(MATERIAL SUPPLIED Opens)

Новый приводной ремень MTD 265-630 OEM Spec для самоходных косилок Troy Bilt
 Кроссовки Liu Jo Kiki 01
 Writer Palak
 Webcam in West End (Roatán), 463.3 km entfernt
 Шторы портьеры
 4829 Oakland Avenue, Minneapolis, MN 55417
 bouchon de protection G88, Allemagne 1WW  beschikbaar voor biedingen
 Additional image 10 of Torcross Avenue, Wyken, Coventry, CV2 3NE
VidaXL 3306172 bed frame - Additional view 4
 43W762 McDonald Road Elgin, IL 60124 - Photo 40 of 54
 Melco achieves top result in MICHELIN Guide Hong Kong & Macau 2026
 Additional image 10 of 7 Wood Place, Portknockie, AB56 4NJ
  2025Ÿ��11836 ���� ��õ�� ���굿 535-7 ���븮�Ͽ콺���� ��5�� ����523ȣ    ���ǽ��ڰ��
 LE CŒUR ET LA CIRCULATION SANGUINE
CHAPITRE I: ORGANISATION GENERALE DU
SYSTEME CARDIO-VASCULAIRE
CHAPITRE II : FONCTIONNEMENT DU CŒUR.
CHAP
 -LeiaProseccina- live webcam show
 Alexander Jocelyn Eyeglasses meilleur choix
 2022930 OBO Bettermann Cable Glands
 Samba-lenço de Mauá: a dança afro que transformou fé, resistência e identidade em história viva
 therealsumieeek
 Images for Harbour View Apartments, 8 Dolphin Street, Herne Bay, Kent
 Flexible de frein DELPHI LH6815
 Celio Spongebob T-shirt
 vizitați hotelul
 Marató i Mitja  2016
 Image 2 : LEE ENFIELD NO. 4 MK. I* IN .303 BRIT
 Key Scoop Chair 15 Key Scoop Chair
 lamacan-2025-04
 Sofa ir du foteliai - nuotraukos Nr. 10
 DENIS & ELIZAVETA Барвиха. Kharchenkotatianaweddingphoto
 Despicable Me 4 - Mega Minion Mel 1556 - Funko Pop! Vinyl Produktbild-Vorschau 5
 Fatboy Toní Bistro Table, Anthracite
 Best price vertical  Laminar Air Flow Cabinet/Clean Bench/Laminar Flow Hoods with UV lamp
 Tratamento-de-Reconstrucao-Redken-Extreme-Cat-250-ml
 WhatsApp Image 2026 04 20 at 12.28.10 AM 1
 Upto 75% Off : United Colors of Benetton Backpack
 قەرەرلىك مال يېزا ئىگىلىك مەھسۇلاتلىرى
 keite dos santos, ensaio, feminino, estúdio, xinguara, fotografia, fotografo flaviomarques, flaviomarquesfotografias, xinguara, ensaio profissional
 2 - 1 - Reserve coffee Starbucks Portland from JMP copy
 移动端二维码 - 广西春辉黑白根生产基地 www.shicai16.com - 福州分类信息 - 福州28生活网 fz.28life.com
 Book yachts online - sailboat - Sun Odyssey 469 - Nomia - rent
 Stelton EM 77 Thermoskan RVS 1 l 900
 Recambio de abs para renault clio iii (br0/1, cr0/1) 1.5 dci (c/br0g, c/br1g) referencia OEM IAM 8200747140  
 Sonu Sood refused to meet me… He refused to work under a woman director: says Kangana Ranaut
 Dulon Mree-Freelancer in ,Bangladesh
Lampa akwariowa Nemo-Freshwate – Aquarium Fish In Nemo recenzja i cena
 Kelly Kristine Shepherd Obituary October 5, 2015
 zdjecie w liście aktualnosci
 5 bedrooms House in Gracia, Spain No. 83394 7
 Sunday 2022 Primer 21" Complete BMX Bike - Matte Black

(MATERIAL SUPPLIED Closes)

• WORK ORDER
Quote exactly the stretch of lines above that starts at the first one and ends at the line with "Additional image 10 of Torcross", and nothing beyond it.

• TASK RESPONSE
Новый приводной ремень MTD 265-630 OEM Spec для самоходных косилок Troy Bilt
 Кроссовки Liu Jo Kiki 01
 Writer Palak
 Webcam in West End (Roatán), 463.3 km entfernt
 Шторы портьеры
 4829 Oakland Avenue, Minneapolis, MN 55417
 bouchon de protection G88, Allemagne 1WW  beschikbaar voor biedingen
 Additional image 10 of Torcross Avenue, Wyken, Coventry, CV2 3NE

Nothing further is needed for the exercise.